フジテレビ『ワイドナショー』番組サイトより
波紋が広がる一方の自民党・杉田水脈議員による“LGBTは生産性がない”発言。今回は新聞のみならずテレビもこの問題を批判的に取り上げているが、そんななかで、またも松本人志が『ワイドナショー』(フジテレビ)で耳を疑うようなコメントを発した。
一部報道では松本が「絶対言っちゃいけない」と杉田の差別的主張を批判したかのように報じられている。たしかにそういう発言はしていたが、一方で松本は「(文章の)前段は、おかしなこと言うてなかった」などと杉田を擁護するような発言もしていたのだ。あらためて、本日の『ワイドナショー』での発言を振り返ろう。
まず、本日の同番組では、杉田議員の“LGBTは生産性がない”発言を紹介し、ゲストコメンテーターの乙武洋匡が「この件にかんしては怒り心頭」「生きづらいと声をあげている人たちに対して『いや、あなたたちの苦しさなんて大したことないから税金使わないわよ』って、よく言えるなって」と怒りを抑えながらも強い調子で杉田議員を批判した。
こうした安倍自民党の弱者排除の考え方はいまにはじまった話ではなく、だからこそ、乙武が自民党から出馬すると報じられた際には批判が集まったわけだが、それはさておき松本は、乙武の話が終わって司会の東野幸治に水を向けられると、こんなことを言い出したのだ。
「僕も一応、『新潮(45)』読ませていただきましたよ。
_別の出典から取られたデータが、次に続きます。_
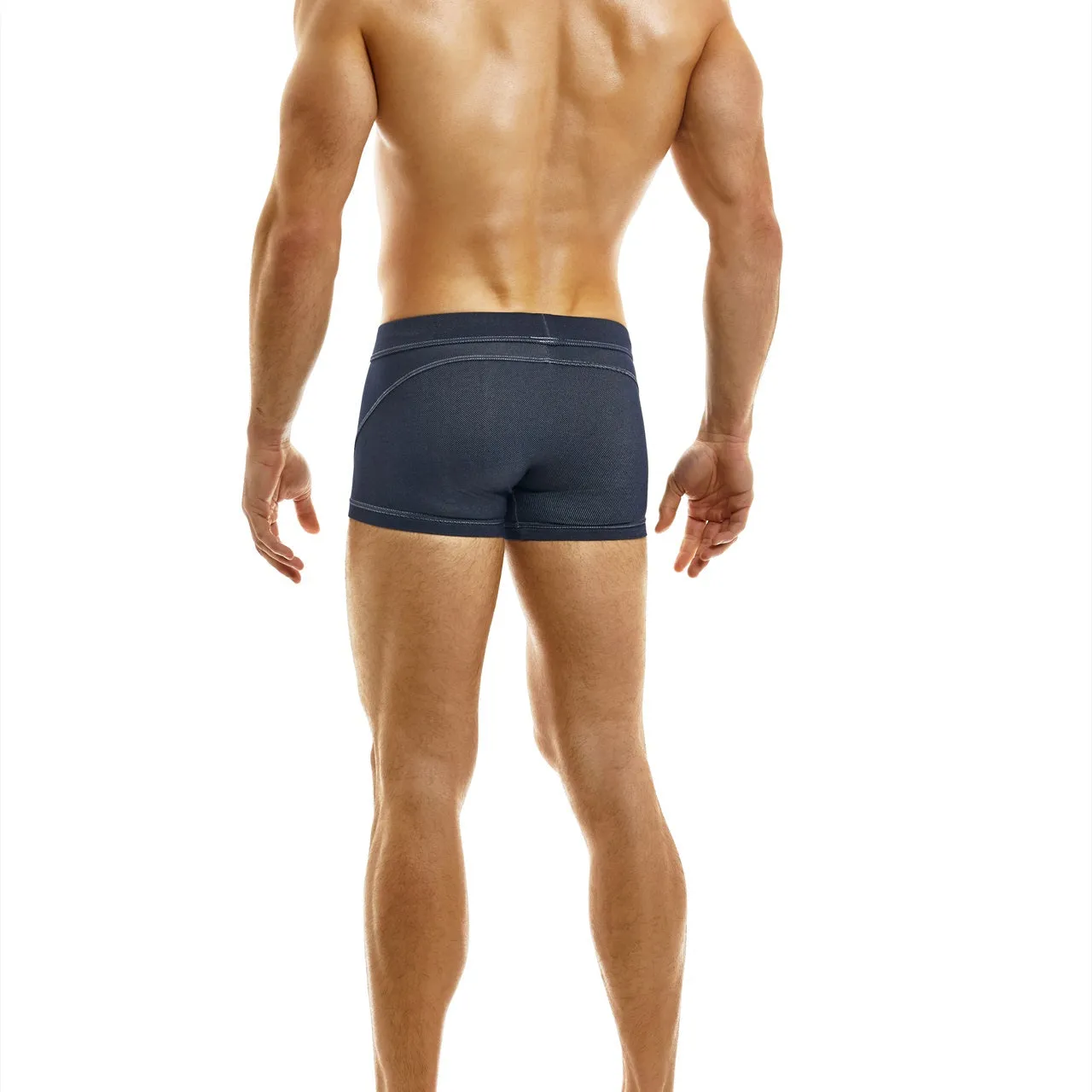 MODUS VIVENDI JEANS BOXER BLUE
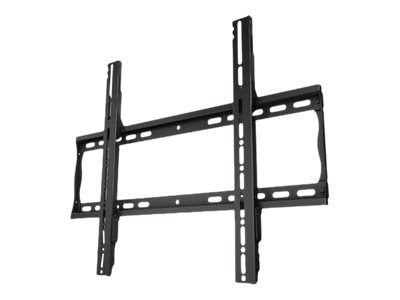 Mustang Professional MPF-L65UA bracket - Flat - for flat panel - black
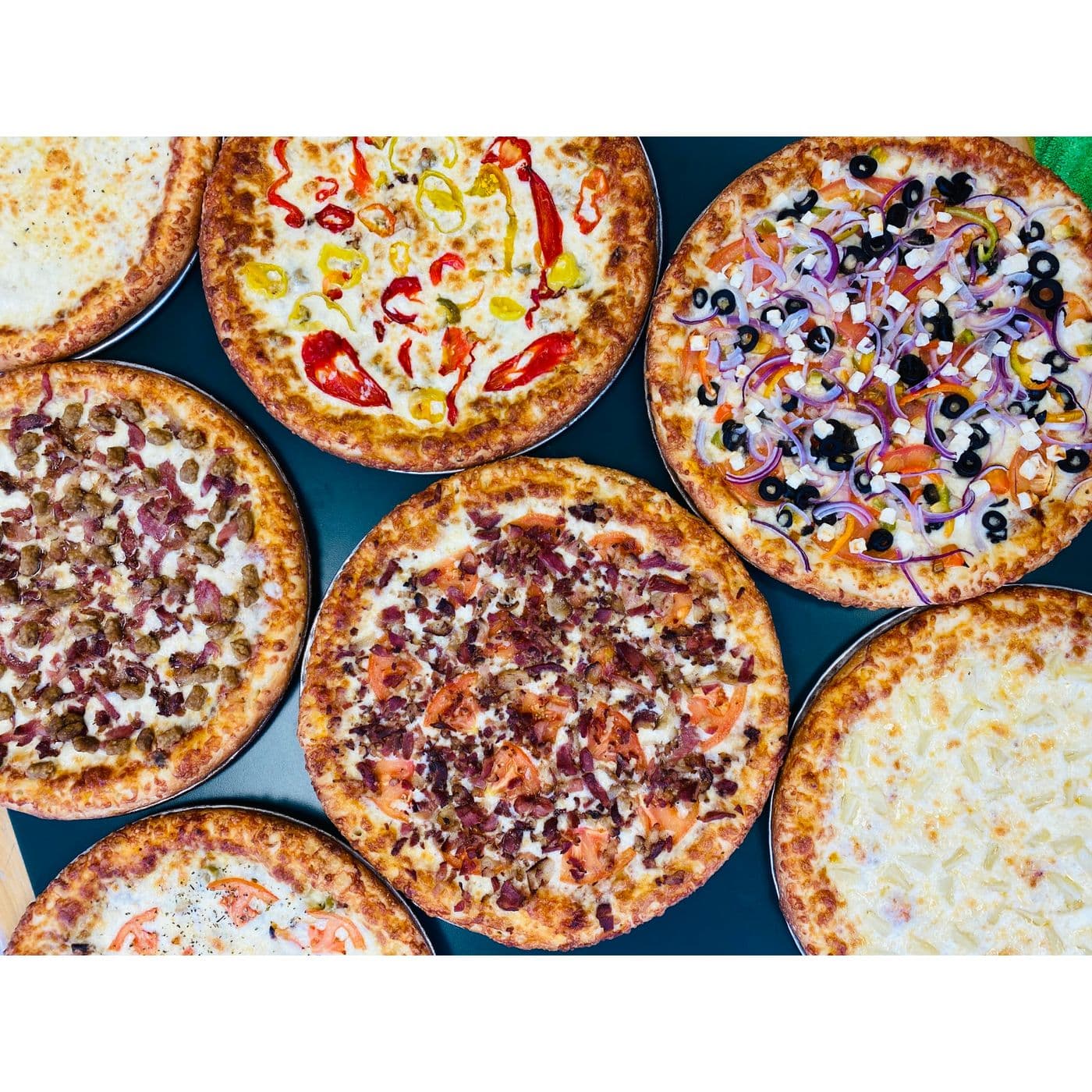 Pizza a la Casa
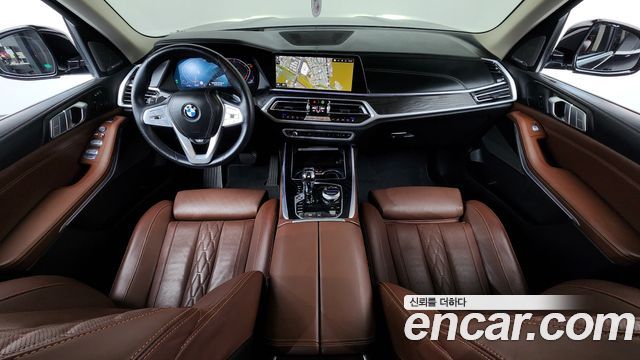 BMW X7 xDrive 40i Design Pure Excellence 7-Seater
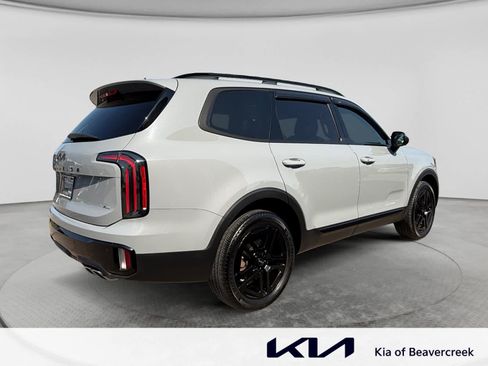 Used 2024 Kia Telluride EX X-Line AWD/4WD image 5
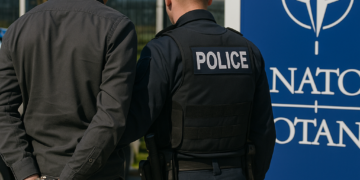 Detienen a una becaria de la OTAN bajo sospecha de espionaje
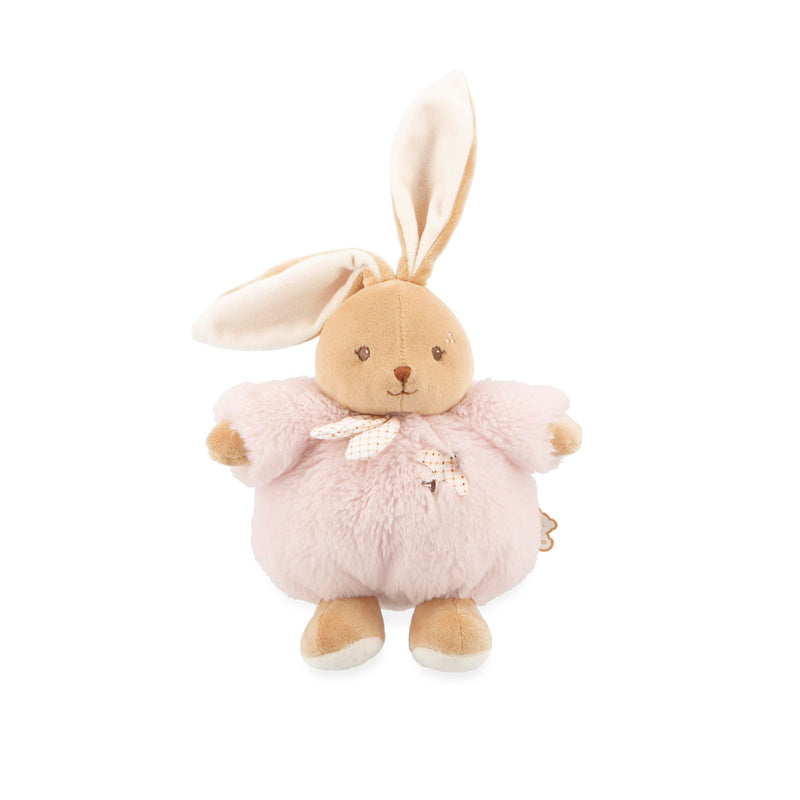 Kaloo Intemporel Chubby Rabbit Pink 17cm Baby Products Wholesaler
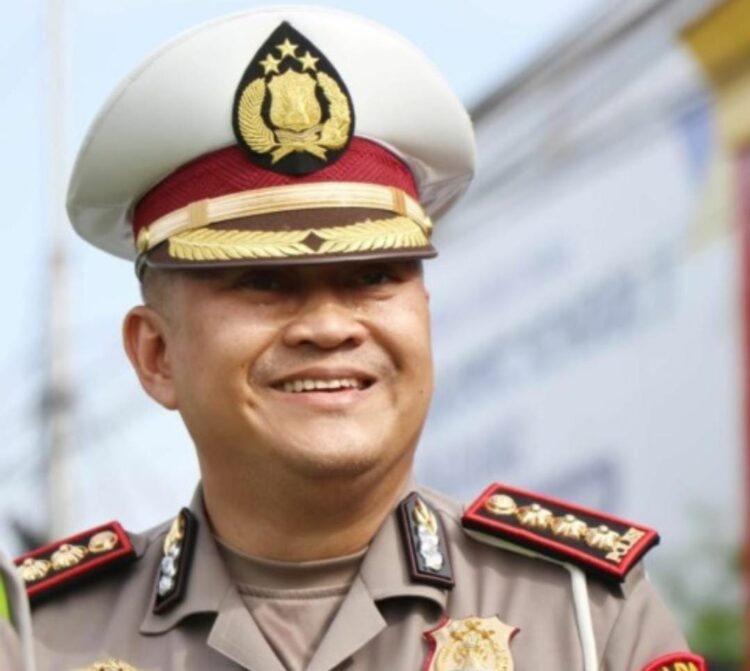 Nunggak Pajak selama Tujuh Tahun, Ditlantas Polda Sumbar Hapuskan Data Kendaraan 1 Dirlantas Polda Sumbar Kombes Pol Hilman Wijaya. (Foto: Dok. Istimewa)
まあなんか、前段はねえ、なんかこう、そんなにおかしなことは言うてなかったんですけど、どんどんどんどん気持ちよくなっちゃって、どんどん加速していって、途中でアクセルとブレーキ踏み間違えたみたいな感じがしましたねえ」
杉田は前段ではおかしなことは言っていなかった……? ほとんどの人は「新潮45」(新潮社)の杉田議員が寄稿した全文を読んでおらず、“LGBTは生産性がない”という問題となっている箇所しか知らないはずだ。そうした人がこの松本の発言を聞けば「おかしいのはあの部分だけで、杉田議員もまともなことは言っていたのか」などと思うだろう。
だが、これはとんでもない話だ。というのも、杉田議員の寄稿文は冒頭から一貫して、LGBTに対する偏見と蔑視、差別感情に満ち満ちているからだ。以下、詳しく見ていこう。
そもそも、杉田議員は、文章の冒頭から〈この1年間で「LGBT」(L=レズビアン、G=ゲイ、B=バイセクシャル、T=トランスジェンダー)がどれだけ報道されてきたのか〉といい、新聞検索の結果を並べ立て、こう述べる。
〈朝日新聞や毎日新聞といったリベラルなメディアは「LGBT」の権利を認め、彼らを支援する動きを報道することが好きなようですが、違和感を覚えざるをえません。発行部数から言ったら、朝日新聞の影響の大きさは否めないでしょう。
最近の報道の背後にうかがわれるのは、彼ら彼女らの権利を守ることに加えて、LGBTへの差別をなくし、その生きづらさを解消してあげよう、そして多様な生き方を認めてあげようという考え方です。〉
LGBTの生きづらさを解消すること、多様な生き方を認めるという報道に「違和感」を感じる──。乙武も番組内で言及していたが、政治家の仕事とは本来、生きづらいという人びとの声に耳を傾け、生きづらさの解消のために活動することだ。そしてそれはメディアの仕事でもあるが、これを杉田は「違和感を覚える」と言って非難しているのである。その上、「解消してあげる」「認めてあげる」という上から目線の物言いからは、すべての人は法の下に平等であるというこの国の基本理念さえ杉田が理解していないことがよくわかる。